Berita Jateng
Nasib Mbah Endang Klaten Terancam Penjara 4 Tahun Gegara Hak Siar Sepakbola di Tangan Polda Jateng
Mbah Endang (78), warga Klaten Jawa Tengah seharusnya menikmati masa tuanya di rumah. Namun belakangan ini, hidupnya terusik dengan surat somasi
TRIBUNJATENG.COM, SEMARANG - Mbah Endang (78), warga Klaten Jawa Tengah seharusnya menikmati masa tuanya di rumah. Namun belakangan ini, hidupnya terusik dengan surat somasi dan denda ratusan juta gara-gara dianggap melanggar hak siar pertandingan sepakbola.
Masa tuanya terancam di penjara empat tahun jika hasil mediasi dengan pihak Vidio.com tak mencapai titik temu.
Kini nasib Mbah Endang berada di tangan Polda Jateng yang menangani kasusnya. Padahal Mbah Endang tidak menggelar nobar Liga Inggris di rumah sekaligus warungnya.
Baca juga: Nasib Apes Nenek Endang Warga Klaten, Diminta Bayar Rp115 Juta Karena Langgar Hak Siar Liga Inggris
Baca juga: 10 Orang Dikabarkan Dilaporkan ke Polda Jawa Tengah Terkait Hak Siar Bola, Ini Kata Kombes Arif

Permasalahan hak siar masih jadi sorotan. Terbaru, muncul kabar 10 warga diduga dilaporkan ke Polda Jawa Tengah.
Duduk persoalannya karena tersangkut permasalahan hak siar pertandingan sepak bola.
Kepala Direktorat Reserse Kriminal Khusus (Ditreskrimsus) Polda Jawa Tengah Kombes Pol Arif Budiman tidak membantah kabar itu.
Meski demikian ia belum menjelaskan detilnya.
"Di krimsus," kata Arif saat dikonfirmasi, Selasa (26/8/2025).
Namun, dia menegaskan bahwa warga yang dilaporkan ke Polda Jawa Tengah soal hak siar tidak sebanyak itu.
"Laporan ada 7 laporan pengaduan," ujarnya.
Sampai saat ini, penyidik masih melakukan pendalaman soal laporan-laporan tersebut.
Arif menegaskan bahwa kasus hak siar itu akan ditangani sesuai dengan prosedur yang telah diatur oleh undang-undang.
Namun, saat ini dia belum bisa menjelaskan secara detail soal laporan-laporan tersebut karena sedang dilakukan pendalaman.

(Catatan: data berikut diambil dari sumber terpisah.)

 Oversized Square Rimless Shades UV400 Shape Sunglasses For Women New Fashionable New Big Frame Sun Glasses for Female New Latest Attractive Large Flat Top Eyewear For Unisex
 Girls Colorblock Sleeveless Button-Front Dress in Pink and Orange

Tak menutup kemungkinan, laporan yang masuk ke Polda Jawa Tengah akan didiskualifikasi ketika tidak memenuhi unsur.
"Laporan yang tidak memenuhi unsur juga kita hentikan," tegasnya.
Gelar Halalbihalal
Mbah Endang, warga Kabupaten Klaten syok begitu memperoleh surat somasi dari Vidio.com.
Dalam surat itu juga dia diminta untuk membayar Rp115 juta.
Dia dituding telah melanggar hak siar pertandingan sepak bola Liga Inggris.
Disebutkan jika dia telah menggelar acara nonton bareng.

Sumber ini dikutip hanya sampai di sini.